- Extracted material:
>>
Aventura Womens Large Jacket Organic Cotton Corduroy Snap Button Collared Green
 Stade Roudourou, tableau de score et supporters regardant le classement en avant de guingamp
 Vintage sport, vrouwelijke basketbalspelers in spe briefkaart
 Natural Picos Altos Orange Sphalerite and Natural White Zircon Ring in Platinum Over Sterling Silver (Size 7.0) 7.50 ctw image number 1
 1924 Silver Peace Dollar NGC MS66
<<
- Instructions to follow:
All lines of the material that contain the string "Silver" are to be copied.

- Solution below:
 Natural Picos Altos Orange Sphalerite and Natural White Zircon Ring in Platinum Over Sterling Silver (Size 7.0) 7.50 ctw image number 1
 1924 Silver Peace Dollar NGC MS66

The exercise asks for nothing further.